TASK DESCRIPTION — Look through the records below, count the lines with the word "Home", and reply with only the number.

↓↓↓

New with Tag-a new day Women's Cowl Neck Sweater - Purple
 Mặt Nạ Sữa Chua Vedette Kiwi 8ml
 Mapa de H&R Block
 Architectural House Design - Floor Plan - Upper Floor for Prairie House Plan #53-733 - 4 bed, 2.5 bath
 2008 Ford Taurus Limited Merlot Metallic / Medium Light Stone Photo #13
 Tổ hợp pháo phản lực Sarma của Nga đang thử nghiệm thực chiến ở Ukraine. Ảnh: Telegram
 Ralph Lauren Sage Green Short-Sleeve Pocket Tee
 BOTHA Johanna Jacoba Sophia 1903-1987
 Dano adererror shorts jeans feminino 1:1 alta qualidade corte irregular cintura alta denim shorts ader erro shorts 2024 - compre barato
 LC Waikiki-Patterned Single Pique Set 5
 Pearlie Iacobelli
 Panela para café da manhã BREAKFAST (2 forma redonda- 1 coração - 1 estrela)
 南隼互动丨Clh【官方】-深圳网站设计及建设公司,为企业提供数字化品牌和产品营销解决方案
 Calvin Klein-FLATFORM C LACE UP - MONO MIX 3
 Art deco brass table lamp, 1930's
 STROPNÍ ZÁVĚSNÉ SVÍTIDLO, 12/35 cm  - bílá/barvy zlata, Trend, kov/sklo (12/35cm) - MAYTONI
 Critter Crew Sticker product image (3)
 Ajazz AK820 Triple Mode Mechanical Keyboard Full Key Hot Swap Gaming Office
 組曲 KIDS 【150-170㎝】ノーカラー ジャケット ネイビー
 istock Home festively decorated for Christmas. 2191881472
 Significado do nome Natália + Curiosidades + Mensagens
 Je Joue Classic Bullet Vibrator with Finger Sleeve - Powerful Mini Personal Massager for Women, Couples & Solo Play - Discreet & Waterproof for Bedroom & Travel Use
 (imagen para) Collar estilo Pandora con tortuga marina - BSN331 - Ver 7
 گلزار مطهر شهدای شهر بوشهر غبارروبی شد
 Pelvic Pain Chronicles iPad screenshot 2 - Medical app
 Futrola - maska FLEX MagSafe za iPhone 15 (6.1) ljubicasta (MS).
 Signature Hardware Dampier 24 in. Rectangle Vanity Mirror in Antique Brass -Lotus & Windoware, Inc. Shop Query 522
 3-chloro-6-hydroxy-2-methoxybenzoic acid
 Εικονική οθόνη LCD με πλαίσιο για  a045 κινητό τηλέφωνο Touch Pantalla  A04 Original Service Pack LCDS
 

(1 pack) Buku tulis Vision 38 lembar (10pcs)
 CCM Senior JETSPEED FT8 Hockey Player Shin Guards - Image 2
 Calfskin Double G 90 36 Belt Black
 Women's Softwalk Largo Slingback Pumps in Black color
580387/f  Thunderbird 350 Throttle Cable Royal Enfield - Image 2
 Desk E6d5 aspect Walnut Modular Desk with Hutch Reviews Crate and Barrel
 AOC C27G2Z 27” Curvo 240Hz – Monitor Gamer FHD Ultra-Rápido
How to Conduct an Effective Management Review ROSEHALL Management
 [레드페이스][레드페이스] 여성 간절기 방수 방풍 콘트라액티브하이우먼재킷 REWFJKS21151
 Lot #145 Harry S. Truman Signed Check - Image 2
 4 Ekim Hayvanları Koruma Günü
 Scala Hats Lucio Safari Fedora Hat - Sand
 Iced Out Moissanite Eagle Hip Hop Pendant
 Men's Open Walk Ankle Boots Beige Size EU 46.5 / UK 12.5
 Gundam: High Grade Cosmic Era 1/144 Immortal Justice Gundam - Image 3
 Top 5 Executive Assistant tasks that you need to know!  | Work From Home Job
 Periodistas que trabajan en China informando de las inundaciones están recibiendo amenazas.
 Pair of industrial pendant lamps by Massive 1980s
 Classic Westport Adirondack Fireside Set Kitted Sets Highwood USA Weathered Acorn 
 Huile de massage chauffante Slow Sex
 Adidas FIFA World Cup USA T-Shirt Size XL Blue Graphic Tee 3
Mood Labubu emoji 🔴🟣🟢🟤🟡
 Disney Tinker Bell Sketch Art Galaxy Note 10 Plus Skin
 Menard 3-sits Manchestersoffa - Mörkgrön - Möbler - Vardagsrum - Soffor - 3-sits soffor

↑↑↑

RESULT — 2